Il est, avec Bob Houghton et Roy Hodgson, l'un des trois coachs les plus influents de l'histoire du Malmö FF. Antonio Duran est également à ce jour le premier et le dernier Espagnol à avoir dirigé un club suédois. Retour sur une épopée pleine d'amour.

Né à Arbucies, en Catalogne, Antonio Duran émigre aux Canaries, avec sa famille, alors qu’il n’a que 10 ans. C’est sur l’île qu’il tape la balle pour la première fois. Plutôt très bien d’ailleurs. Il a ainsi 18 ans lorsqu’il se fait repérer par un dirigeant du club de Cordoue, alors en vacances du côté de Tenerife. Quelques mois plus tard, Duran retrouve la péninsule et devient titulaire dans le milieu de terrain du club andalou. Ses buts, son abattage physique et son intelligence tactique finissent d’ailleurs par séduire l’Atlético Madrid.
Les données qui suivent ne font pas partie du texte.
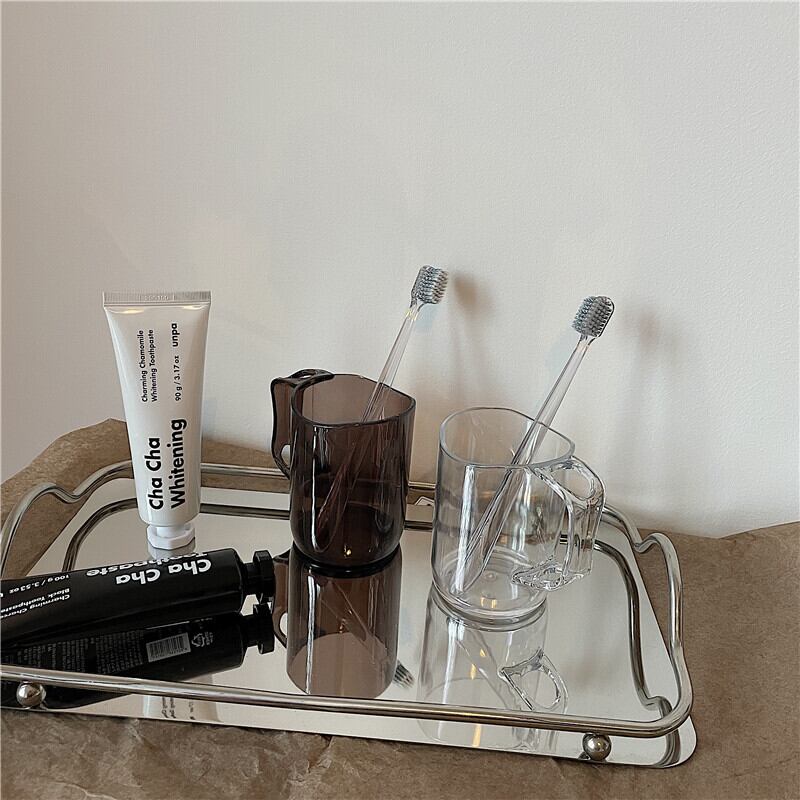 デイリー を彩る 歯ブラシ スタンド 付き マグカップ コップ 韓国っぽ インテリア キッチン シンプル おしゃれ クリア素材 ホテル 風 韓国雑貨 Lamitte Deco トレンド 韓国ファッション ショップ Base店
Les Colchoneros sont alors entraînés par Helenio Herrera qui deviendra le mentor footballistique de Duran. Aux cotés du futur coach intériste, le Catalan découvre les plaisirs des sessions d’entraînement intenses, le 4-2-4, mais aussi et surtout la concurrence de Larbi Ben Barek et d’Henry Carlsson. Les changements n’existant pas encore à l’époque, Duran joue peu. Trop peu. Pas de quoi le faire déprimer cependant, puisque, malgré leur rivalité, l’Espagnol et le joueur suédois deviennent très vite complices. De cette amitié naîtra d’ailleurs le surnom de Duran : « El traductor » .

3615 Ulla

Au-delà de leur relation linguistique, les deux hommes partagent surtout le même amour de la musique classique, mais aussi le même dégoût du régime franquiste. Voyant que Duran n’a pas de famille à Madrid, Carlsson – qui a débarqué à Madrid avec sa femme, ses trois enfants et Ulla, une nounou de 21 ans – l’invite régulièrement à venir dîner chez lui. Au fil du temps, les visites de l’Espagnol se font de plus en plus nombreuses. De plus en plus longues aussi. Et pour cause : Duran est tombé amoureux de la Mary Poppins suédoise. « Avant de partir en Espagne, des amies à moi m’avait dit : « Tu vas nous ramener un Espagnol, c’est sûr. » C’est ce qu’il s’est passé. Je suis tombée éperdument amoureuse d’Antonio au point de faire ma vie avec lui » , raconte aujourd’hui Ulla Duran du haut de ses 85 ans. En 1952, les tourtereaux mettent à l’épreuve leur relation lorsque le joueur signe au Real Oviedo pour deux saisons. Le club asturien est alors en deuxième division et remonte l’année suivante en Liga grâce aux bonnes performances de son capitaine Duran. Titulaire indiscutable et véritable leader d’Oviedo, il choisit pourtant de raccrocher les crampons à 30 ans pour se marier quelques mois plus tard à Stockholm. Plutôt que de rentrer en Espagne, le couple décide de profiter du monde libre et s’installe en Suède. Un exil que Duran ne regrettera pas…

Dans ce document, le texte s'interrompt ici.